Parental separation was based on offspring report of not living with both biological parents for the majority of time from 12-17. Principal component analyses (results available on request) supported combined measures for Internalizing conditions (any DSM-IV lifetime diagnosis of major depressive disorder, panic disorder, social phobia, or any report of suicidal ideation), externalizing disorders (conduct disorder and oppositional defiant disorder), and 2 dichotomous variables of offspring trauma exposures. These latter were distinguished by whether the trauma was assaultive or nonassaultive in nature. Assaultive traumas included being raped or sexually assaulted, stabbed, shot, mugged, wounded in combat, threatened with a weapon, or robbed, kidnapped or held captive), while nonassaultive traumas included being in a fire, flood, earthquake or other natural disaster, serious accident, witnessing someone being seriously injured or killed, or discovering a dead body. Questions specific to childhood physical abuse and childhood sexual abuse were not asked at only 4 out of 6 sites due to IRB restrictions and thus not included in analyses; childhood neglect was not assessed. Substance use: Offspring report of ever use of cannabis was included in the model. Perceived substance use of peers was based on respondent report at first interview (for those 18 and older) or at the interview obtained closest to age 17 (for those under 18 at baseline) that “most” or “all” peers (best friends, romantic partners and schoolmates) from ages 12-17 used any substance (tobacco, alcohol, cannabis or other drugs). High correlations (r's > 0.8) precluded substance-specific estimates.

Other covariates

Other characteristics included in all models were: offspring sex, birth cohort (4 cohorts born 1982-86 (referent), 1987-89, 1990-93, 1994+), race/ethnicity (coded as white (referent)/black/other), case family status (i.e., ascertained through a proband in treatment) and overall household income in the family of origin based on mother's report at her interview (if no mother's report, father's report was used), classified into low (less than $29,999), middle ($30,000-74,999- referent) or high (≥ $75,000) categories.

Statistical analysis

All modeling was conducted in Stata, version 14.0 (Stata Corp, 2015). Cox proportional hazards multivariate regression was used, including time-varying covariates to account for the temporal ordering of events preceding each of the transition outcomes – first drink, first drink to first AUD problem, first drink to first AUD diagnosis, and first AUD problem to first AUD diagnosis. Variables for which age of onset was obtained were coded as time-varying; that is, they were counted as “risk factors” only if they occurred either prior to or at the same age as the outcome. For example, if age at onset of cannabis use preceded/occurred at the same time as the age of onset of first drink, it was coded as an event, but if it occurred after the age of first drink, it would not contribute toward the risk of transitioning to using alcohol. Variables modeled in this way included ever-use of cannabis, internalizing conditions, externalizing disorders, and assaultive and nonassaultive traumas. Maternal and paternal AUD statuses were lifetime measures and were time-invariant; parental separation and perceived peer substance use were also time-invariant as only an age range (12-17), and not a specific onset age, were obtained. To assess whether there were differential associations based on gender, interactions between each risk factor and gender were studied; those that met significance after adjusting for multiple comparisons were retained.

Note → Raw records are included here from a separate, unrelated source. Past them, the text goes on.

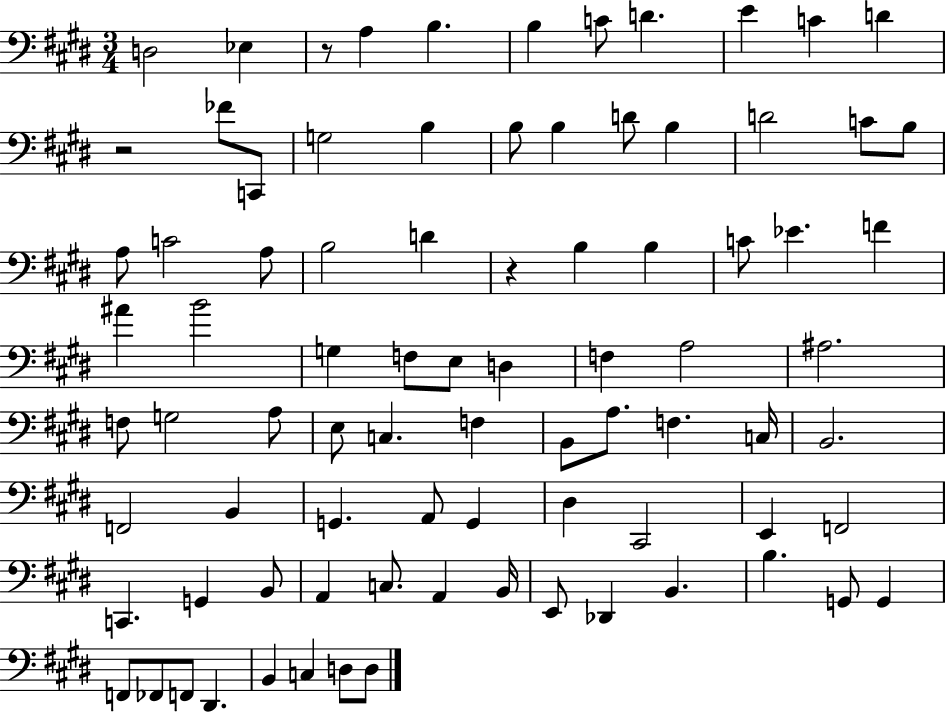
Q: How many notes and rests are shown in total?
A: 84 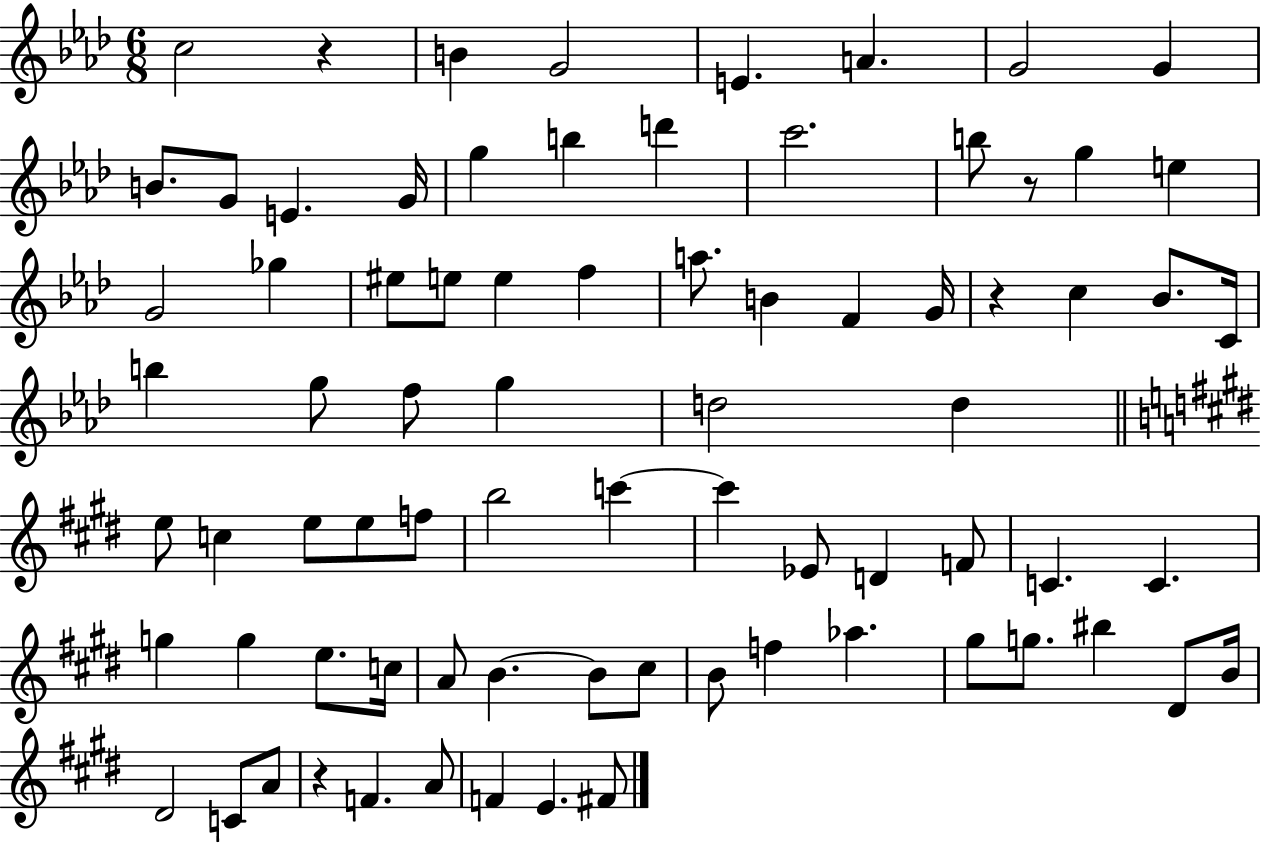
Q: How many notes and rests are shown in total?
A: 78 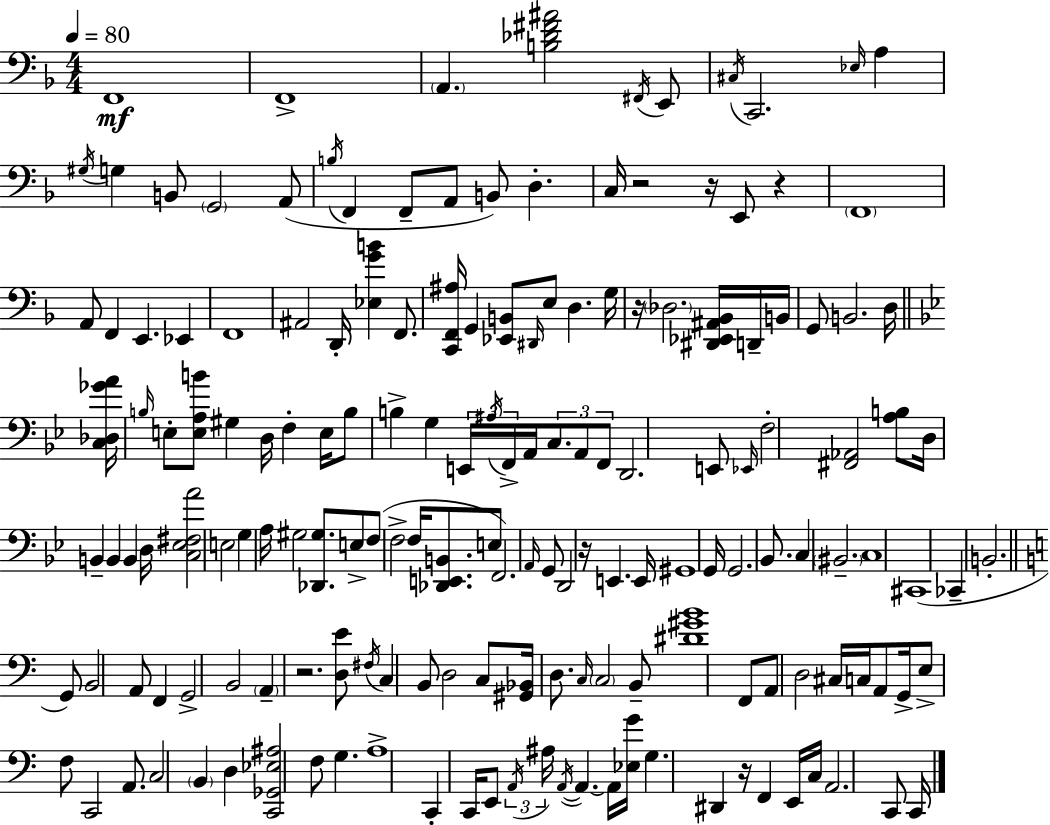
X:1
T:Untitled
M:4/4
L:1/4
K:Dm
F,,4 F,,4 A,, [B,_D^F^A]2 ^F,,/4 E,,/2 ^C,/4 C,,2 _E,/4 A, ^G,/4 G, B,,/2 G,,2 A,,/2 B,/4 F,, F,,/2 A,,/2 B,,/2 D, C,/4 z2 z/4 E,,/2 z F,,4 A,,/2 F,, E,, _E,, F,,4 ^A,,2 D,,/4 [_E,GB] F,,/2 [C,,F,,^A,]/4 G,, [_E,,B,,]/2 ^D,,/4 E,/2 D, G,/4 z/4 _D,2 [^D,,_E,,^A,,_B,,]/4 D,,/4 B,,/4 G,,/2 B,,2 D,/4 [C,_D,_GA]/4 B,/4 E,/2 [E,A,B]/2 ^G, D,/4 F, E,/4 B,/2 B, G, E,,/4 ^A,/4 F,,/4 A,,/4 C,/2 A,,/2 F,,/2 D,,2 E,,/2 _E,,/4 F,2 [^F,,_A,,]2 [A,B,]/2 D,/4 B,, B,, B,, D,/4 [C,_E,^F,A]2 E,2 G, A,/4 ^G,2 [_D,,^G,]/2 E,/2 F,/2 F,2 F,/4 [_D,,E,,B,,]/2 E,/2 F,,2 A,,/4 G,,/2 D,,2 z/4 E,, E,,/4 ^G,,4 G,,/4 G,,2 _B,,/2 C, ^B,,2 C,4 ^C,,4 _C,, B,,2 G,,/2 B,,2 A,,/2 F,, G,,2 B,,2 A,, z2 [D,E]/2 ^F,/4 C, B,,/2 D,2 C,/2 [^G,,_B,,]/4 D,/2 C,/4 C,2 B,,/2 [^D^GB]4 F,,/2 A,,/2 D,2 ^C,/4 C,/4 A,,/2 G,,/4 E,/2 F,/2 C,,2 A,,/2 C,2 B,, D, [C,,_G,,_E,^A,]2 F,/2 G, A,4 C,, C,,/4 E,,/2 A,,/4 ^A,/4 A,,/4 A,, A,,/4 [_E,G]/4 G, ^D,, z/4 F,, E,,/4 C,/4 A,,2 C,,/2 C,,/4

For the transition from no alcohol use to first full drink, participants entered the analysis at birth and “failed” at the age of their first drink, or were censored otherwise. For models of the timing of advanced transitions, individuals were included from the time of their first drink to the occurrences of the transition. To adjust for variability in risk period from age at first drink to other transitions, variables representing age at first drink (12 and younger, 13, 14, 15, 17, 18 and 19 and older; 16 was the median age and was used as the referent category) were included as covariates. Age categories were combined when their associations were not statistically different. (see Supplemental Tables 3-6). Risk factors and covariates were entered into the models simultaneously, and the same variables were included in all models. Violations of the proportional hazards assumption, that the hazard associated with a risk factor remains proportional over time, were investigated using Schoenfeld residuals as assessed by the Grambsch & Therneau test (Grambsch & Therneau, 1994). Identified violations were resolved by modeling age interactions with the pertinent variable. Age risk periods were chosen based on developmental cutoffs (e.g., menarche, entering middle or high school) and on examination of graphical representations of the data to observe failure rates to see where hazards diverged. Once violations were resolved, post hoc tests were conducted to ensure that the hazard ratios could not be equated across risk periods to provide additional confidence that the defined risk periods were distinct. Survival ties were handled by the Efron approximation (Efron, 1977). All analyses were adjusted for familial clustering via the Huber-White robust standard errors as implemented in Stata (StataCorp, 2015).

Results

Description across assessment waves

In Table 1, characteristics of the sample at each assessment wave are displayed. (In Supplemental Table 2, data are presented by age at assessment.) Of those eligible for the 8 year follow-up, 73% were interviewed. Female participants comprised a somewhat greater proportion at each successive wave. As expected, use of alcohol, tobacco and cannabis increased across the waves as the sample became older. Ever use of cannabis was more prevalent than ever use of cigarettes, consistent with the latest data from the Monitoring the Future study (Johnston et al, 2016). Overall, the data revealed maintenance of the high risk nature of the sample over time.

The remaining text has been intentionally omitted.